About 40 percent of the estimated 60,000 drug formulations sold in India are fixed dose combinations, of multiple pharmacological ingredients which are only sold through brand names. India’s 1,00,000 crore drug market is dominated by branded drugs. Nearly 90 percent of all drugs sold are branded ones. Then there is the cold, hard reality that there simply are not enough generic name equivalents of branded medicines sold. About half the market—₹50,000 crore and more—is for fixed-dose combinations (FDCs) of drugs. Many FDC drugs contain even eight or nine medicines. To write and remember the constituents of thousands of generic drugs is practically impossible. Even in such an impossible scenario, pharmacists would resort to stocking combinations that yield them better profits.
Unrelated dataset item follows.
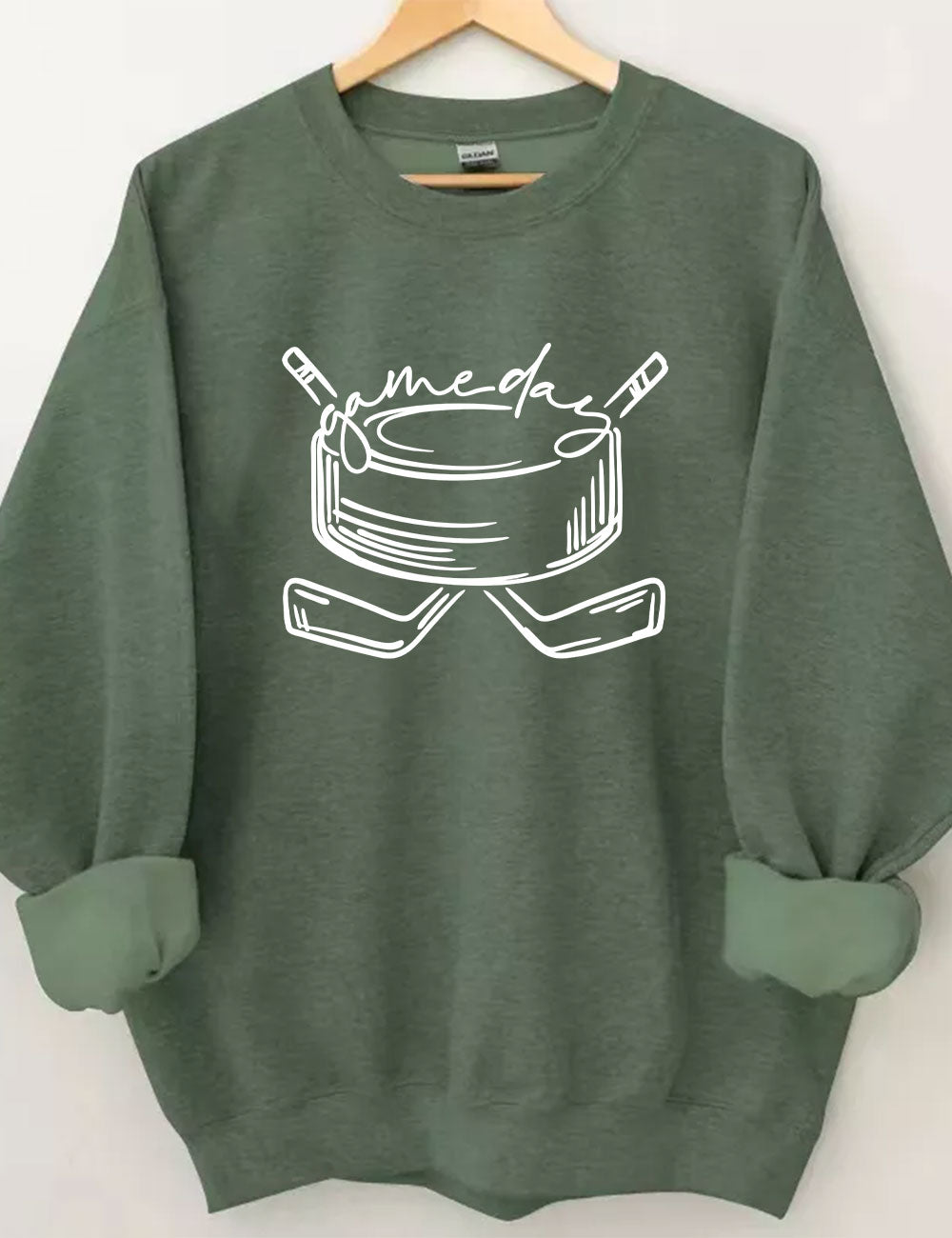 Game Day Hockey Custom Sweatshirt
For this move to materialise into anything resembling reality , the generic medicine industry will also have to pull up its socks. Last year, 27 commonly-used medicines in the country failed quality tests. The drugs were found wanting on several counts, including false labeling and inadequate quantity of ingredients. Ensuring quality of drugs is a problem in the absence of adequate regulations and a shortage of drug inspectors and lab facilities to check drug quality. The number of drug inspectors — approximately 1,500 now — must be increased. The government must also look to enforce price control on an enlarged list of essential drugs. The current market-based approach for the Drug Price Control Order (DPCO) 2013 is a sham with margins reaching 10,000 percent sometimes. Despite the government's and pharmaceutical lobby's claims and counterclaims, the Drugs (Prices Control) Order, 2013, which covers only 18 percent of the total domestic market, has had very little positive effect as a price control policy. Drug price control is the real issue. Not compulsory prescribing of generic drugs.